Mr. Rodgers was not just a big part of my early childhood entertainment schedule, he was also a very wise man. Of tragedies he said:
"When I was a boy and I would see scary things in the news, my mother would say to me, ‘Look for the helpers. You will always find people who are helping.’”
The last week has brought us unspeakable tragedy. It’s also brought us unexpected heroes and helpers.
We can look at the world right now and feel helpless and hopeless. Or we can find inspiration in some incredible teenagers who are courageously choosing to be changemakers. Not only are they already beginning to create change nationally, they can also teach us a lot about what it means to be a changemaker.
Here are three things we can all learn from the students at Marjory Stoneman Douglas High School about leadership and creating positive change.

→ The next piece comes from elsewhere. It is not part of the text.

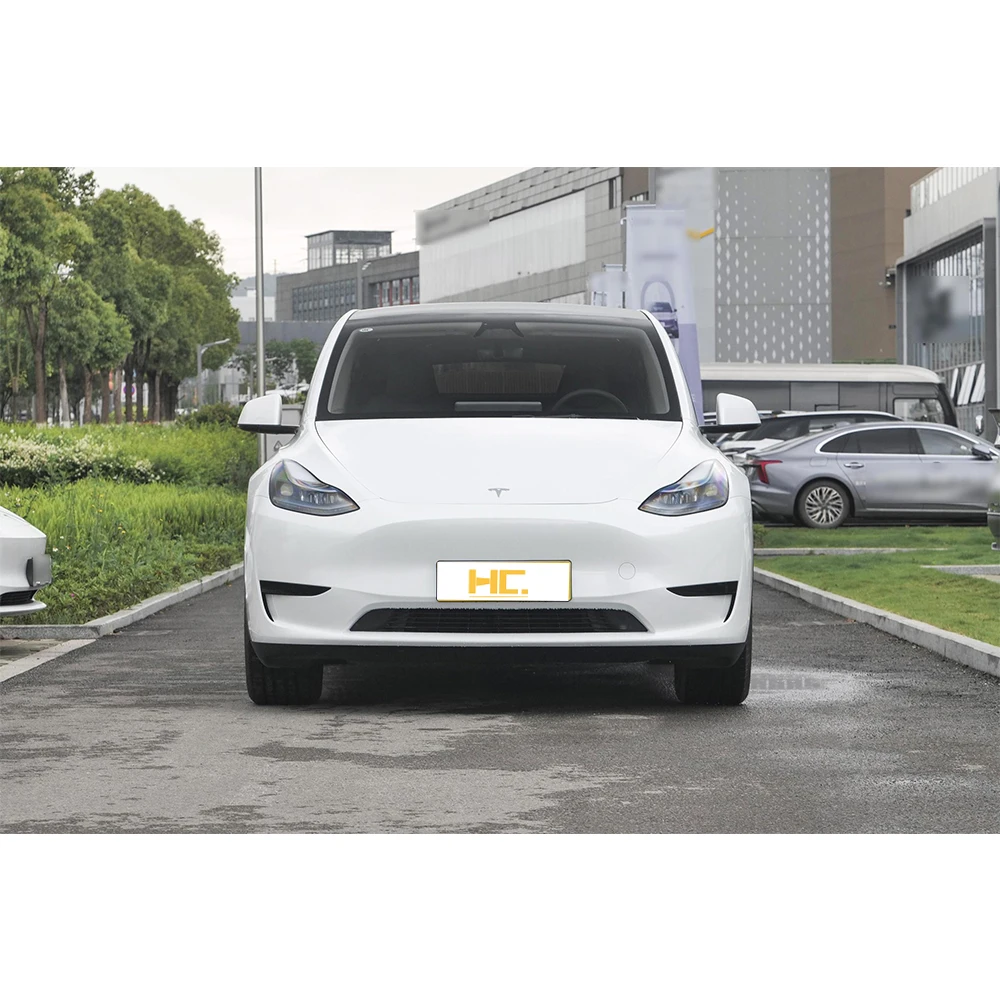 Высококачественный автомобиль седан новые энергетические автомобили высокоскоростной для Tesla модели Y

1. It’s not about titles, it’s about acts of leadership
Who are you more inspired by right now: politicians with fancy titles like Senator, Speaker and President, or 13-18 year old student leaders? People with titles or positions of power no longer have a monopoly on the ability to inspire, to galvanize, to lead. These kids were just “ordinary” high school students on February 13. But starting on February 14 they started courageously pursuing small, but collectively meaningful acts of leadership. They didn’t wait for someone to anoint them leaders; they didn’t ask for permission to lead. They just did.
Leadership is not a title. It’s the sum of small, conscious acts of service.
These students didn’t seek out a title. They didn’t seek out authorization from adults. They just started doing act of leadership after act of leadership. And these acts of leadership have inspired followers 10, 20, 50, even 80 years older than they are.
Through their acts of leadership, these students are showing us what leadership really is.
2. Action is better than perfection
I’ve heard many critics griping about the burgeoning movement, despite the incredible work these students are doing: they don’t understand the complexities of policymaking, they don’t have a clear theory of change, or worse yet, they are too naive and immature.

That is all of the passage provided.